Using the settings below, the duration of the test will be 600 seconds (10 minutes), the initial query rate at the start of the test is 10 queries per second, and the query rate in the last test cycle is 110 queries per second:

start-users-per-second = 10
increment-users-per-second = 10
increment-cycles = 10
cycle-duration-seconds = 60

To generate a steady load, the number of users applied at the start of the test must be adjusted to the desired query rate and the number of users added per test cycle kept minimal.
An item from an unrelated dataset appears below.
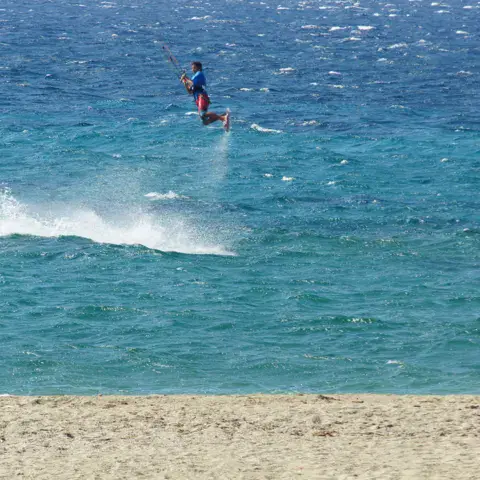 Kitesurfeur dans un saut au large d'une plage de sable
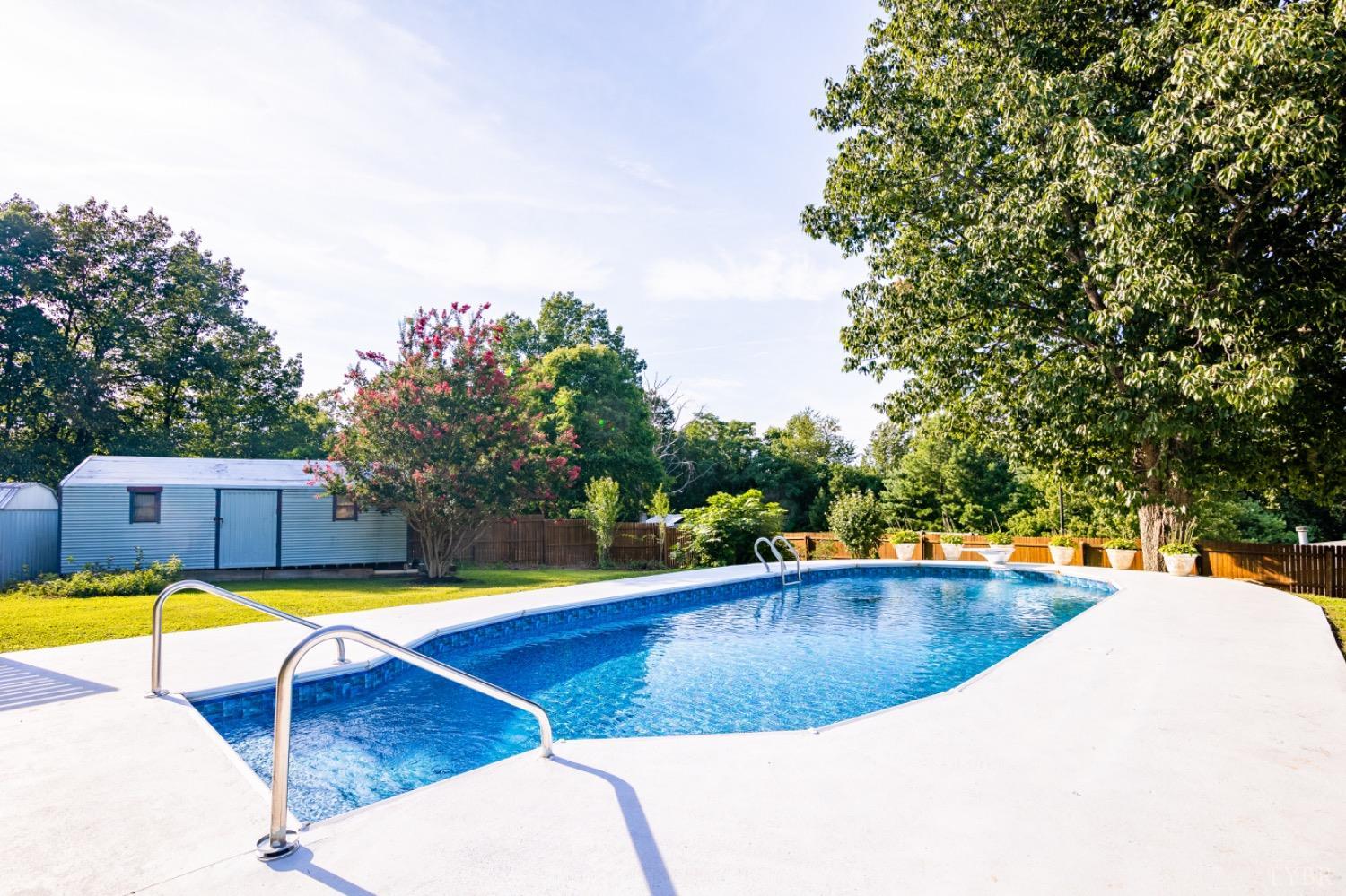 1097 Hummingbird Lane Spout Spring, VA 24593 - Photo 32 of 44 a view of a swimming pool with an outdoor seating and yard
Using the settings below, the duration of the test will be 600 seconds (10 minutes), the initial query rate at the start of the test is 75 queries per second, and the query rate in the last test cycle is 85 queries per second:

start-users-per-second = 10
increment-users-per-second = 1
increment-cycles = 10
cycle-duration-seconds = 60

18.3 Implementation of scenarios in load tests¶

What is the system’s response time to users under different system loads?
How many users can the system serve simultaneously without exceeding the defined response time?

Since system operability is directly dependent on the system’s operational environment, answering these questions requires repeatedly running load tests using a variety of loads. To start off, gradually increasing loads can be used to determine potential capacity limits.

How will the system perform under extreme load conditions (e.g. very large number of simultaneous users or key shares in the database)?

The goal of this test is to take the system to or above maximum load and monitor the system’s performance under such conditions. Probing for extreme loads should be carried out using a steady load over a long period of time.

How will the system recover after peak load?

The goal of this test is to gather information on the ability to recover from peak load. Multiple simultaneous load generators can be used here, one performing a longer, steady-load test and the other a shorter, increasing-load test.

How will the system perform under conditions of long-term moderate or higher load?

The system is run for a long period of time under a steady moderate load to detect anomalies or errors that could occur in the long-term operation of the system (small memory leaks etc.). A test involving a steady load of a large number of longer test cycles can be used to seek an answer to this question.